180, Vs Australia, Kolkata, (2001)
The Eden Gardens will always remember this priceless innings by Rahul Dravid. After following on, the pressure was on India with a packed stadium of cheering fans. Things were looking bleak for the Indian side. But when Dravid is still at the crease you never use the world ‘bleak’.
Partnering another great Indian batsman in the form of VVS Laxman, Dravid put on an outstanding show of Test batting. The duo put up a record 376-run partnership to not only leave the Aussies stunned but also deflated. Not to be overshadowed by Laxman’s top class innings of 281, Dravid played second fiddle and showed us why he’s considered to be up there with the very best in Test cricket with a determined 180 to take India to an outrageous victory.
270, Vs Pakistan, Rawalpindi (2004)
Every battle is fierce, but when it comes to India-Pakistan matches, things get hotter. This match was the crucial decider of the series and a good start was just what the then captain Sourav Ganguly wanted and who better to lay trust on than ‘The Wall’. Rahul Dravid shone like a star and scored an outstanding 270 to give India a huge advantage with a 600 par score in the first innings. He batted like a true champion against top quality quick bowlers who gave their all. But they still couldn’t dislodge the champion batsmen who batted with grit, determination and guts on a pitch that wasn’t so responsive to the batsmen.

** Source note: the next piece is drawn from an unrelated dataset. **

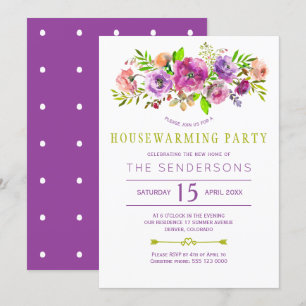 Lila grönt Rustio boho blommigt Home party Inbjudningar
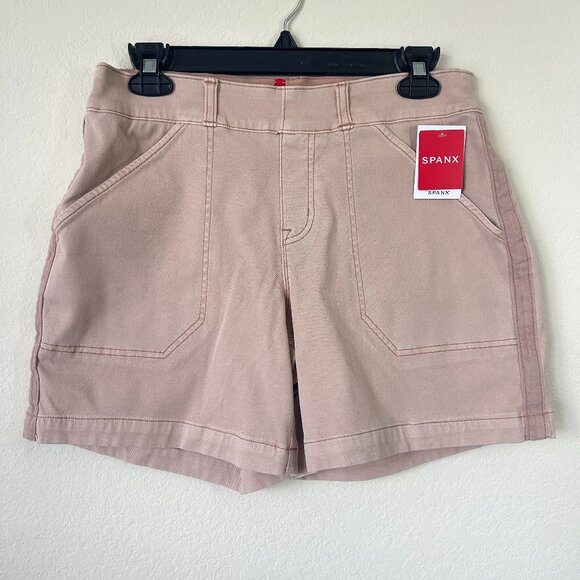 New Spanx Shorts Womens Medium Light Pink 6" Twill Stretch Pull On Comfort M - Picture 1 of 7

233, Vs Australia, Adelaide (2004)
After Australia amassed a massive 556 in their first innings, the pressure was on the Indians to give back a fitting reply to the Aussies and with bowlers like Gillispie, Williams and Bichel steaming in at their best it wasn’t going to be easy. But then again for Rahul Dravid nothing is impossible. After losing early wickets Dravid stood firm with VVS Laxman and scored a brilliant 233 to take India within close range of the Australian score. He followed that up with a gritty 72 in the second innings to take India to a comfortably and well-fought victory.

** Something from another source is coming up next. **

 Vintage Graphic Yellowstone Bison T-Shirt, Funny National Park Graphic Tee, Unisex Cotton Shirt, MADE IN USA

103*, Vs England, Lords (July 2011)
The reason I’ve put this innings up as one of Rahul Dravid’s best is because he gave the other batsmen a lesson in temperament. On a tough Lord’s pitch when every other Indian batsman failed to make an impression, Rahul Dravid showed us why he’s rightfully called ‘The Wall’. True to this tag line he stood firm like a rock and showed that Test cricket isn’t all about smashing the ball around the ground but requires skill, patience and a lot of focus.

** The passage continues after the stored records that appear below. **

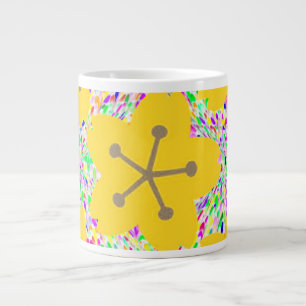 Grande Tasse Design Floral Disco Jaune Groovy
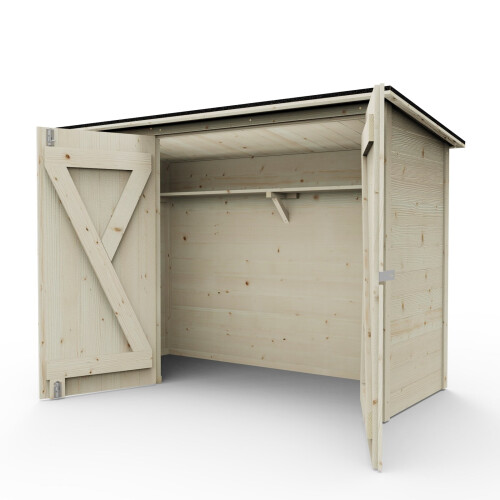 Weka Multi Purpose Storage Shed for Bicycles & Rubbish Bins - Natural 2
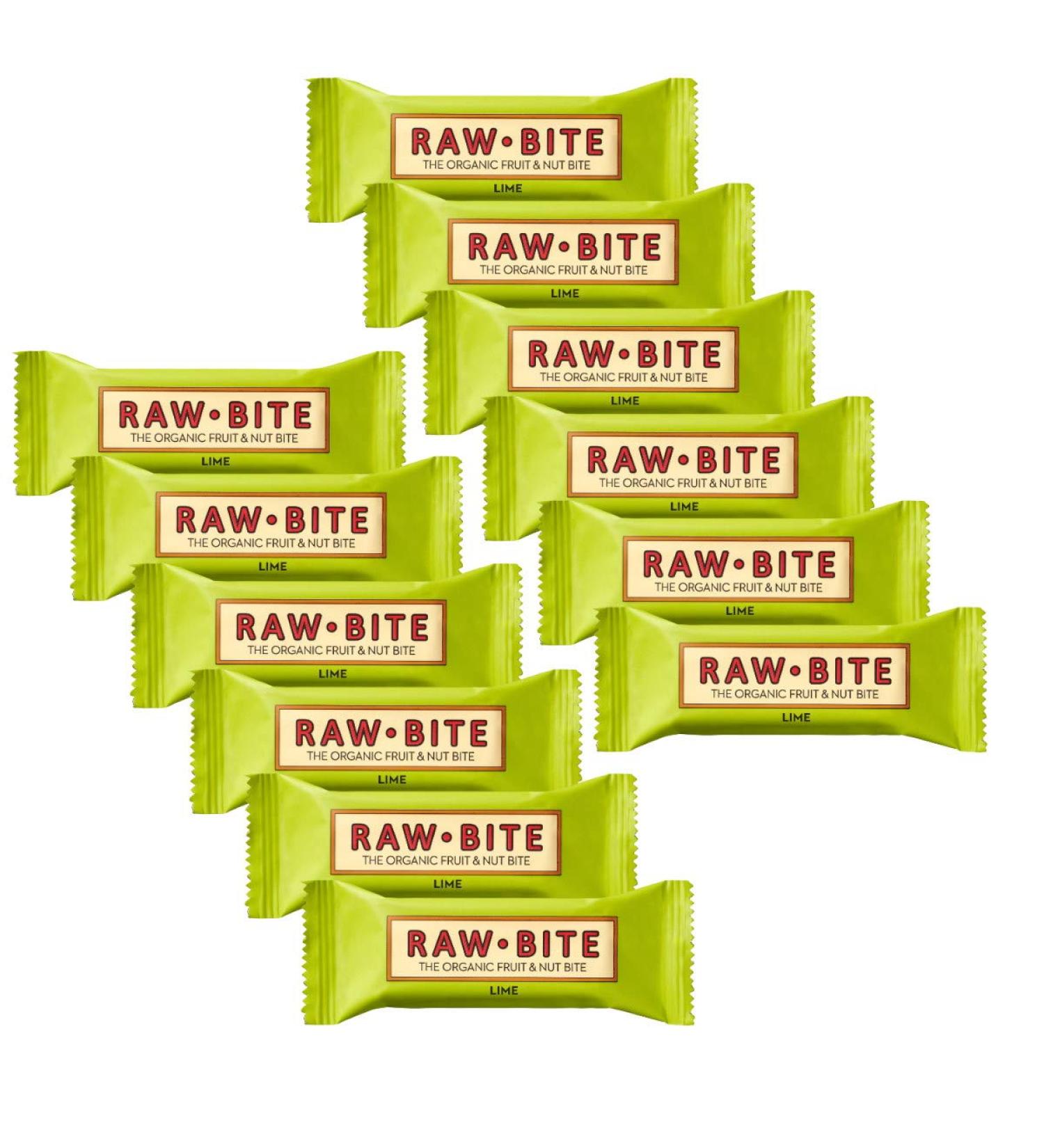 Raw Bite Lime Bar - Fruit-Nut Snack with Ginger & Chili | 12 x 50g Pack - Healthy Energy Bar - Buy Online on SooperMarket.com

145, Vs Sri Lanka, Taunton (May 26, 1999)
After losing to South Africa, India needed to win this game to qualify for the supers sixes stage of the 1999 World Cup. India lost Sadagoppan Ramesh early and the pressure was on Dravid to lead India to a respectable total. Swatting the cricket ball to all corners (so to speak) of the County Ground, Dravid amassed a staggering 145 (at a strike rate of 112.40) which led to India achieving a massive target of 373/6. Dravid also put up 318, which is the highest second-wicket partnership with Sourav Ganguly in this game.
109, Vs West Indies, Ahmadabad (2002)
Riding high on Chris Gayle’s 140, West Indies posted a staggering 329 in the fourth ODI Vs India. India was already a game down and needed to win this one to keep the series alive. Chasing this huge score, India suffered two setbacks in the form of Sehwag and Ganguly. Dravid once again proved what a valuable player he is with this classy innings of 109 to take India to a special victory.
104, Vs Pakistan, Kochi (2005)
It was the first game of the 2005 home series against Pakistan and as always the expectations were riding high for a win. Winning the toss India elected to bat. After losing Sachin and Sehwag early, Dravid joined Ganguly and he outplayed the Pakistani bowlers with determination and grit with his brilliant 104 off 199 balls. He made sure that India put up a challenging game and also proved that class is permanent.
123, Vs New Zealand, Owen Delany Park (1999)
India had never fared well in seeming conditions. This was the first match of the ODI series against New Zealand on their home turf and India had lost Sachin for a duck. Rahul Dravid stood up to be counted and taught the other batsmen a lesson in playing the seaming ball by hitting this brilliant century (123 at a strike rate of one run per ball) in unfamiliar conditions. Dravid was named ‘Man of the Match’ for his efforts. This innings was also crucial in transforming him as an ODI batsman.